Beschwerden aus Rom bzgl. protestantischer Häresie, die vom Fondaco ausgehen sollte, wurden von Seiten Venedigs weitgehend ignoriert.
Was nun die Frage nach Wohnorten von Deutschen - insbesondere Bäcker und Drucker gab es viele in Venedig - in der Lagunenstadt angeht: Schau mal in die Dissertation von Cecilie Hollberg (Deutsche in Venedig im späten Mittelalter. Eine Untersuchung von Testamenten aus dem 15. Jahrhundert. Göttingen 2005), darin findest du Karten mit den Wohnorten von Deutschen wenigstens in diesem Zeitraum. Ein Großteil der obigen Infos habe ich für ein Projekt aus diesem Buch entnommen. Weitere Infos zum Fondaco habe ich aus aus folgender Literatur übernommen:
HUSE, Norbert: Venedig. Von der Kunst, eine Stadt im Wasser zu bauen. München 2005.
LANE, Frederic C.: Seerepublik Venedig. München 1980 (Original: Baltimore 1973).
REIMANN, Jörg: Venedig und Venetien 1450 – 1650. Politik, Wirtschaft, Bevölkerung und Kultur. Hamburg 2006.

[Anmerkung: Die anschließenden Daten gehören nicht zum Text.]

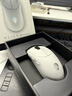 外星人（Alienware） AW720M游戏鼠标 无线2.4g蓝牙三模电竞鼠标长续航磁力回弹磁吸快充8键自定义编程 情人节礼物白色 实拍图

RÖSCH, Gerhard: Venedig. Geschichte einer Seerepublik. Stuttgart, Berlin, Köln 2000.
SCHILLING, Ruth: Stadtrepublik und Selbstbehauptung. Venedig, Bremen, Hamburg und Lübeck im 16. und 17. Jahrhundert. Köln, Weimar, Wien 2012.
WIRTZ, Carolin: Köln und Venedig. Wirtschaftliche und kulturelle Beziehungen im 15. und 16. Jahrhundert. Köln, Weimar, Wien 2006.
Den Huse habe ich so hervorgehoben, weil er eine sehr lesenswerte und auch gut lesbare kunsthistorische Darstellung der Stadt bietet, die wunderbar als Reisevorbereitung geeignet ist.
*Auch in andere romanische Sprachen ist das Wort al-funduq eingegangen als alfándega (port.), alfandec (katalan.) oder alhóndiga (span.) (in den iberoromanischen Sprachen wird der Artikel (al) häufig als zum Wort zugehörig betrachtet. Die Verwandlung des /f/ in ein /h/, wie im spanischen alhóndiga ist eine Eigenheit der spanischen Sprache (formum > horno; foeniculum > hinojo, formosum > hermoso, fabulari > hablar etc.).
**"Alle Deutschen, ob sie aus Nieder- oder Oberdeutschland kommen, ob sie Untertanen des Kaisers wie eines anderen deutschen Hohen Herren sind und genauso Polanen (Polen), Ungarn und Böhmen."